Usual flashing methods don’t work - indeed they’re rather causing the problem

As wiping the userdata partition seems to cause the issue, I tried out different flashing scenarios. Essentially, there are two common flashing procedures (the -w in brackets means you can insert it or leave it out):

  1. Flash all images at once: fastboot [-w] flashall

  2. Flash boot, recovery and system image sequentially:

    fastboot flash boot boot.img
    fastboot flash recovery recovery.img
    fastboot [-w] flash system system.img
    fastboot flashall flashes the boot, recovery and system images (erasing the system image before). The -w option (in both cases) does the following with both the userdata and cache partition: it erases the image, then formats the partition and finally flashes the new image. And it seems as if this wiping process causes the problem. Don’t ask me why.

Note: Once the problem occurs, flashing a new ROM (more precisely: a new system image) without touching the userdata partition (i.e. without wiping or flashing a userdata image) won’t change anything concerning the issue. As in that case all user data is preserved, this behaviour completely makes sense - remember that encrypting the phone only encrypts the userdata partition! Therefore, to solve the issue one definitely needs to do something with the userdata partition.

Solution / Workaround

As wiping didn’t solve but rather cause the issue in the first place, I tried another variation and flashed the userdata image as well:

fastboot flash boot boot.img
fastboot flash recovery recovery.img
fastboot [-w] flash system system.img
fastboot flash userdata userdata.img

And now it worked! Note that it didn’t matter whether I used the -w option or not before flashing the userdata image.
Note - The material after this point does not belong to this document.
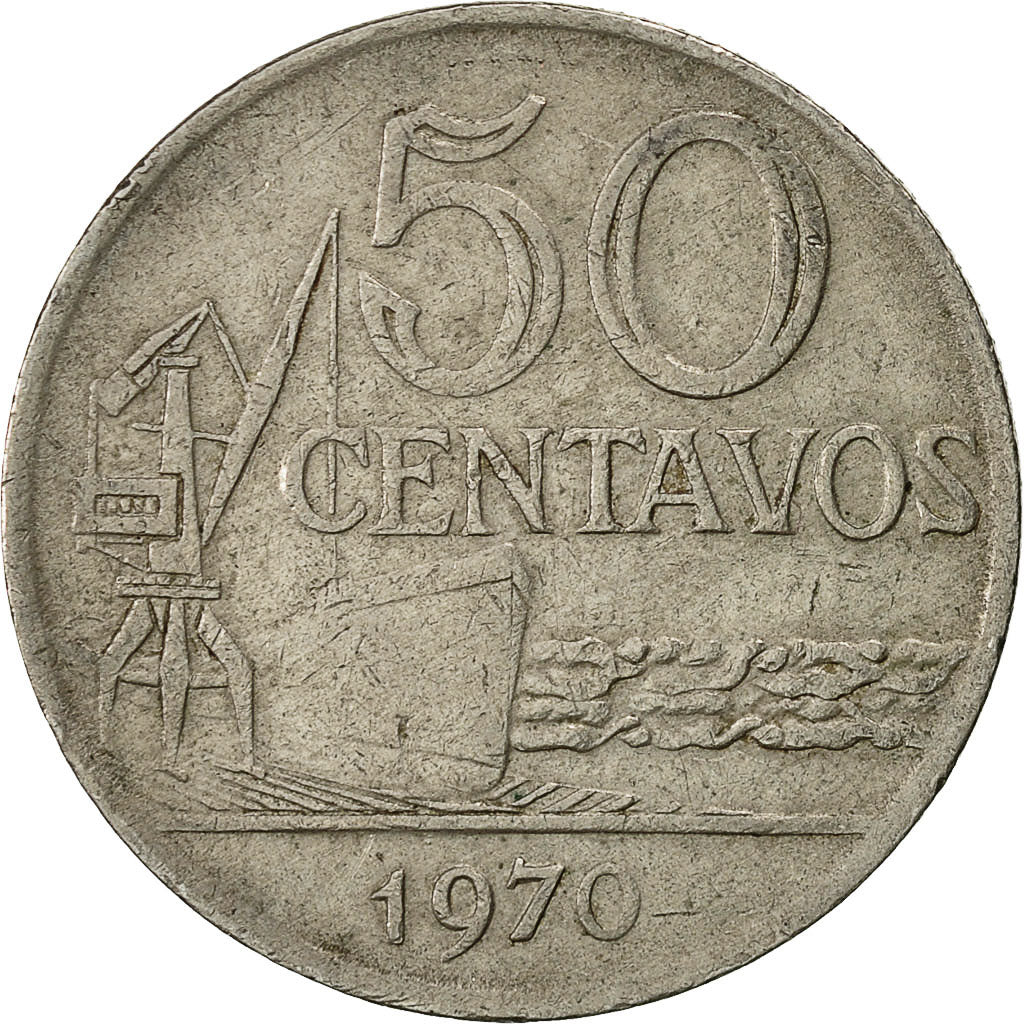 Monnaie, Brésil, 50 Centavos, 1970, TB, Copper-nickel, KM:580a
Moreover, if you don’t want to flash the whole ROM again, you can also just

  • do a factory reset via
    Settings --> Backup & reset --> Factory data reset
  • or only flash the userdata image
    fastboot flash userdata userdata.img

to solve the issue. But remember to carefully backup your apps and data before and to make a plan for restoring it!

I really cannot explain why this works in contrast to fastboot -w flash system system.img - I guess it’s the formatting and flashing process that is somehow responsible - but I don’t know why.
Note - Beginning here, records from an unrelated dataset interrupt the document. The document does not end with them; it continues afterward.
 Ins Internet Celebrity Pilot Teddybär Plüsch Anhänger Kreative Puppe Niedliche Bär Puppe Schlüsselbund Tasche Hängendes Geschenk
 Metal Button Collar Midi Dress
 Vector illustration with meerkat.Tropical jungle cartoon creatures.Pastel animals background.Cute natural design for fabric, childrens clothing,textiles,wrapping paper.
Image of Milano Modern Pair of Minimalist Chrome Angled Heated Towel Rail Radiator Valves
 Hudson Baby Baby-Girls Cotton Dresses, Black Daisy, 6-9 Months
Anyway, it works this way, I can reproduce it and I hope it will help you as well!


Interesting, thanks for your research! Do you want to add something to the compilation guide? Is there something that could be added to the build scripts somewhere?

Well, it might be possible to fix this bug in the build scripts or somewhere else, but I’m not used to bash scripting and don’t know how to fix it. Nevertheless, I can add the workaround to the wiki.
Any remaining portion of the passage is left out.